Quando John Gorrie nasceu em 1803 (as fontes diferem no seu local de nascimento), o luxo do gelo em tempo mais quente só era apreciado pela realeza e pelos muito ricos, como era desde a antiguidade – salgado, sorvete incluído. Ao longo dos milénios, muitas culturas desenvolveram métodos de armazenamento de gelo e neve preciosos para uso durante todo o ano, bem como métodos para embalá-los e exportá-los para áreas mais quentes.

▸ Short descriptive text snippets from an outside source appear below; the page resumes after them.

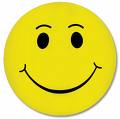 lucky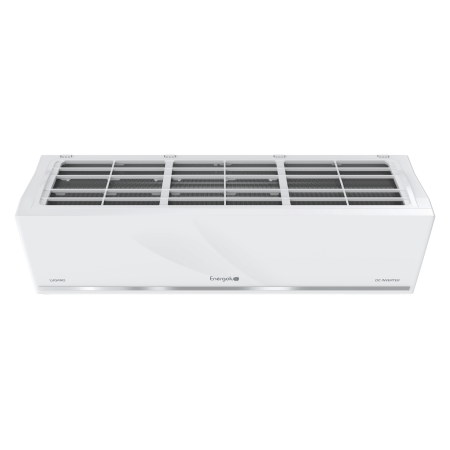 Energolux SAS09DL2-AI/SAU09DL2-AI LUGANO PRO LINE (Инвертор, wi-fi опция, -30°С)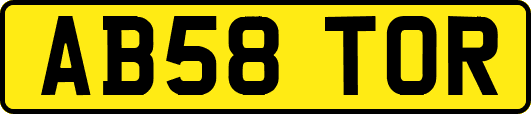 AB58TOR
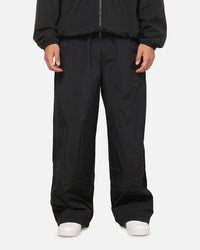 Nike Air Track Pants Black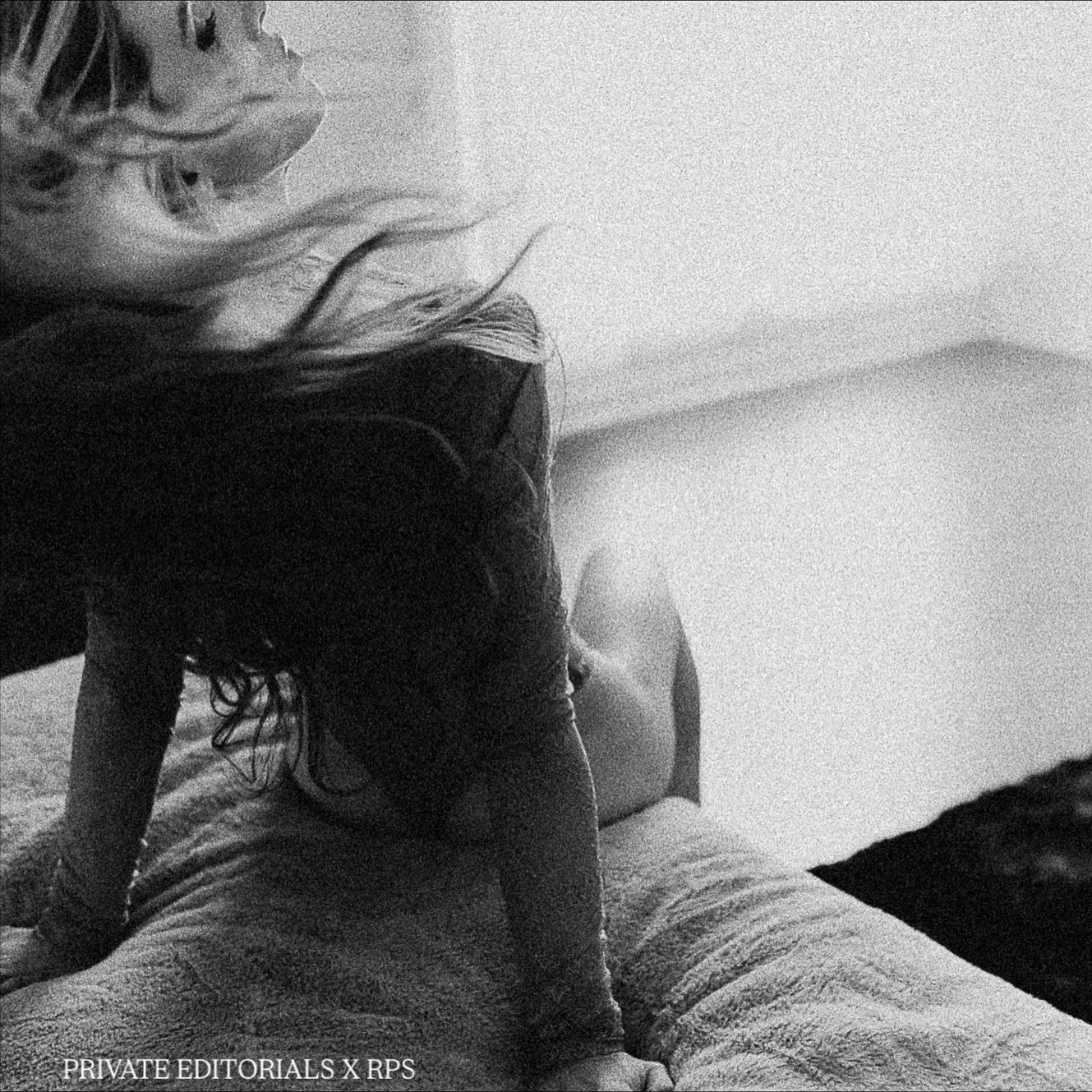For everything you want to say; and all the things you can’t. 
Info@beauxandarrows.com
www.REBECCAPINKHAM.com
📍 Portland, ME & Everywhere
#maine
#mainephotographer
#maineweddingphotographer
#maineboudoirphotographer
#mainefamilyphotograp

Foram descobertas casas de gelo isoladas na China, por exemplo, datadas do período Chunqiu ou “Primavera e Outono” de 770-481 a.C., enquanto que os “yakhchals” persa cónicos ajudavam a armazenar o gelo longe das montanhas frias, já a 400 a.C. No entanto, a maioria do gelo transportado e armazenado muitas vezes derretia antes de ser consumido, mantendo os preços altos e a acessibilidade baixa ao longo dos tempos, mesmo nos primeiros anos de Gorrie.

No final da década de 1820, no entanto, quando Gorrie estava estudando medicina em Nova York, um empresário de Boston já vinha vendendo duramente sua nova visão para um mercado cheio de gelo há anos. Seu nome era Frederic Tudor, também conhecido como o Ice King, cuja incansável promoção de bebidas frias e amostras de gelo grátis até o início do século XIX ajudou a construir um mercado substancial para um boom internacional do gelo. Usando técnicas inovadoras, os trabalhadores de Tudor (e seus concorrentes subsequentes) cortaram dezenas de milhares de toneladas de gelo da Nova Inglaterra diretamente de lagos e rios em enormes lajes, embalaram-nas em serragem, e enviaram-nas para os clientes de descarga nos EUA, Índias Orientais e Ocidentais, Índia, Ásia, América do Sul e até mesmo Europa nas décadas seguintes.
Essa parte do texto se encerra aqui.